Any negotiations between Israel and the Arab countries must include the issue of the some 800,000 Jews who were forced to leave the Arab countries after Israel was established, an Israeli diplomat stressed Tuesday.
“Their immense suffering and deprivation, their sacrifices and tragedies, must be at the center of negotiations,” Binyamin Netanyahu, Israel’s ambassador to the United Nations, told the third international conference of the World Organization of Jews from Arab Countries (WOJAC).
Some 300 Jewish leaders from North and South America, Europe and Israel are attending the three-day conference which began Monday night at the Omni Shoreham Hotel here. The Conference of Presidents of Major American Jewish Organizations is coordinator of the conference.
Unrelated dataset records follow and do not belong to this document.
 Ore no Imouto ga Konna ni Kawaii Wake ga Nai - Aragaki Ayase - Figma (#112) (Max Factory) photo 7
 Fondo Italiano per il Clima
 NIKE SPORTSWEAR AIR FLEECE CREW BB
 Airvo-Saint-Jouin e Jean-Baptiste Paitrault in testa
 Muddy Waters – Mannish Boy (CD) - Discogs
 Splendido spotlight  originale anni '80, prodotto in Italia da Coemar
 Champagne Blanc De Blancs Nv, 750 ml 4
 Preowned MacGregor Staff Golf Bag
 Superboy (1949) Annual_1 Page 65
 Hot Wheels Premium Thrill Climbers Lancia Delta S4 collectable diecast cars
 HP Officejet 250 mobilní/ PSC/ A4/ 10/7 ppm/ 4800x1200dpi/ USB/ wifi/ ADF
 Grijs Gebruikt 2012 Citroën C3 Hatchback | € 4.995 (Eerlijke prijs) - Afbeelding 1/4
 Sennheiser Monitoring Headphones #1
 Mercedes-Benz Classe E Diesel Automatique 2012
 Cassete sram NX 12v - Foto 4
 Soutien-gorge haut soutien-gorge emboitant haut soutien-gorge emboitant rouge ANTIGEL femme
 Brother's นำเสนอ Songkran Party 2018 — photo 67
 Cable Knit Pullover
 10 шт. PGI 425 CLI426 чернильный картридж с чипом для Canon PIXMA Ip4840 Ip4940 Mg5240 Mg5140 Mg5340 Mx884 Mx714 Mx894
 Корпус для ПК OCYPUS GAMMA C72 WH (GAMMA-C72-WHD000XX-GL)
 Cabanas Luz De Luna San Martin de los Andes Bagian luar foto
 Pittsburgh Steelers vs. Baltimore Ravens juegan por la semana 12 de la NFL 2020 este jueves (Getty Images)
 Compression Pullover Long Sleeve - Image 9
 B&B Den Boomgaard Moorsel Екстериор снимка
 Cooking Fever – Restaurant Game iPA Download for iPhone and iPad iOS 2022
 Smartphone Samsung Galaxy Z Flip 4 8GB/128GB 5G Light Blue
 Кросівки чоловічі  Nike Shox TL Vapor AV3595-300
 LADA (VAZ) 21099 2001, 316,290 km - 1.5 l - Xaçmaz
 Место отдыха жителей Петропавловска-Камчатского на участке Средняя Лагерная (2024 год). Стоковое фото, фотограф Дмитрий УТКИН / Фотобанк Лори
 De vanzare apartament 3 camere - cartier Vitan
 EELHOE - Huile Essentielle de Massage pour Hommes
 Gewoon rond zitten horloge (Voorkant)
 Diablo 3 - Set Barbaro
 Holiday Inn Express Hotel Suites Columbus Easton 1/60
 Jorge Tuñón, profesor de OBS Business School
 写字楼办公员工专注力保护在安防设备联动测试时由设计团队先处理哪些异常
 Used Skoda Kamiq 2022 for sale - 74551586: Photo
WOJAC was founded in 1975 to press the claims of Jews who were forced to leave Arab countries and whose plight had not received the attention given to Arabs who left at the establishment of the Jewish state, chiefly at the urging of the Arab countries.
Netanyahu’s point was also made by Israeli President Chaim Herzog in a telegram to the opening session of the conference, read by Moshe Arad, Israel’s ambassador to Washington.
TWO REFUGEE PROBLEMS
“The world does not realize that two major refugee problems exist in the Middle East at the same time,” Herzog said. “One of them has received the widest possible exposure in the public consciousness, while the other has been ignored.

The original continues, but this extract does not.